In a further embodiment the method comprises creating multiple encrypted data keys each of which is created by encrypting the data key using a respective public key for a respective group which is authorized to access the data, thereby allowing members of each of the respective groups to obtain the data key. This advantageously achieves that the data only needs to be encrypted once even when multiple groups need to be authorized to access the data. Encrypting the data key multiple times is much more efficient than encrypting the data itself multiple times.

The invention further provides a device for group-based controlled access to encrypted data. The device is configured for obtaining the private key for a group associated with a particular node by recursively obtaining the group private keys of the nodes on a path from the leaf node corresponding to the party in question and the node corresponding to the authorized group. BRIEF DESCRIPTION O F THE DRAWINGS

These and other aspects of the invention will be apparent from and elucidated with reference to the illustrative embodiments shown in the drawings, in which:

Fig. 1 schematically illustrates an arrangement for group-based controlled access to encrypted data;

Fig. 2 schematically shows a hierarchical tree comprising nodes for the dynamic case;

Figs. 3(a) and (b) illustrate a way to construct the hierarchical tree of Fig. 2;

Fig. 4 schematically shows a hierarchical tree comprising nodes for the static case.

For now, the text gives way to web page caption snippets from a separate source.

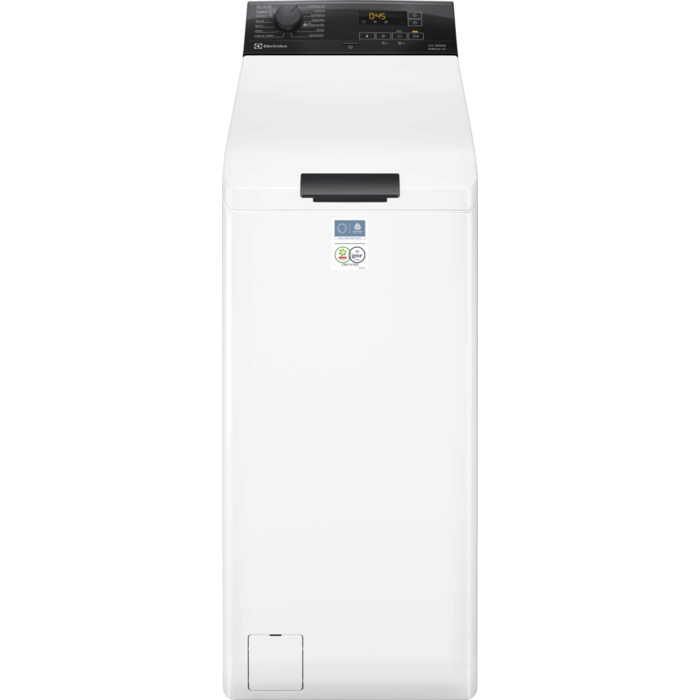 Electrolux PerfectCare 600 mašina za pranje veša sa gornjim punjenjem kapaciteta 7 kg i 1200 obrtaja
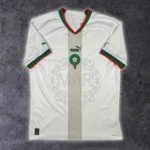 2022/23 Maroc Extérieur (M)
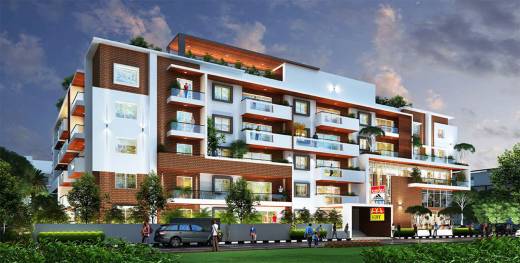 Images for Elevation of LNS Pride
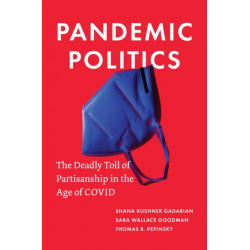 Pandemic Politics: The Deadly Toll of Partisanship in the Age of COVID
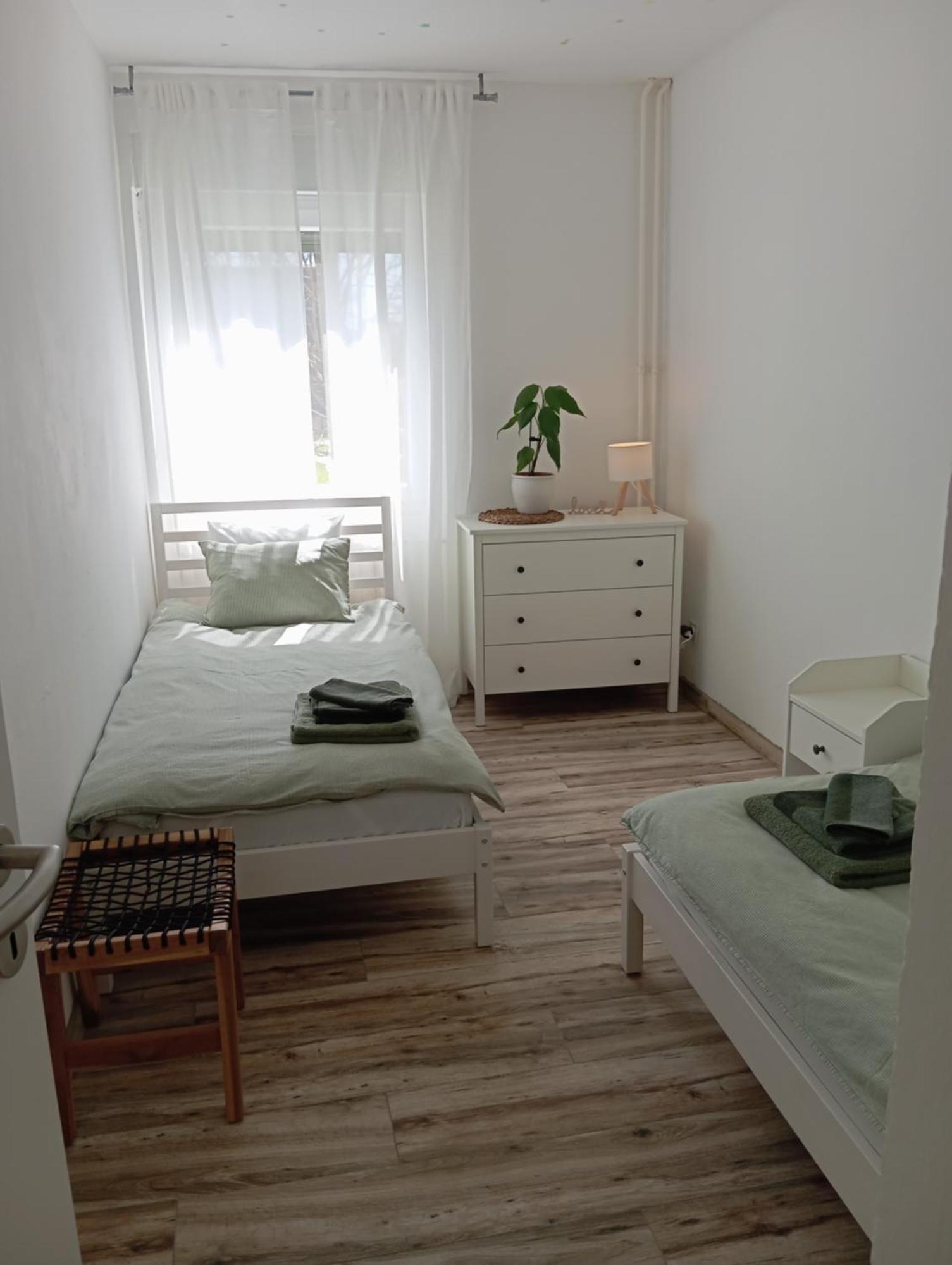 Plitvice Green Apartment Plitvička Jezera Екстериор снимка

Throughout the figures, same reference numerals indicate similar or corresponding features. Some of the features indicated in the drawings are typically implemented in software, and as such represent software entities, such as software modules or objects.

DETAILED DESCRIPTION

Fig. 1 schematically illustrates an arrangement for group-based controlled access to encrypted data, in which the invention is used to manage the keys for the access control. Data 210, which preferably comprises content such as music, songs, movies, animations, speeches, video clips for music, TV programs, pictures, games, ringtones, spoken books and the like, but which could also be electronic health records, e-mail, computer files and so on, is processed at a server 200 before delivery to devices 112, 113, 115, 122, 123.

The data 210 is first encrypted by data encryption module 202 before it is delivered to the devices 112, 113, 115, 122, 123 by delivery module 203. Delivery may involve transmission over radio, television or telephone networks, or computer networks such as the Internet. Another means of delivery is the recording of the encrypted data 210 on a carrier such as a DVD disc which is subsequently made available to the devices 112, 113, 115, 122, 123.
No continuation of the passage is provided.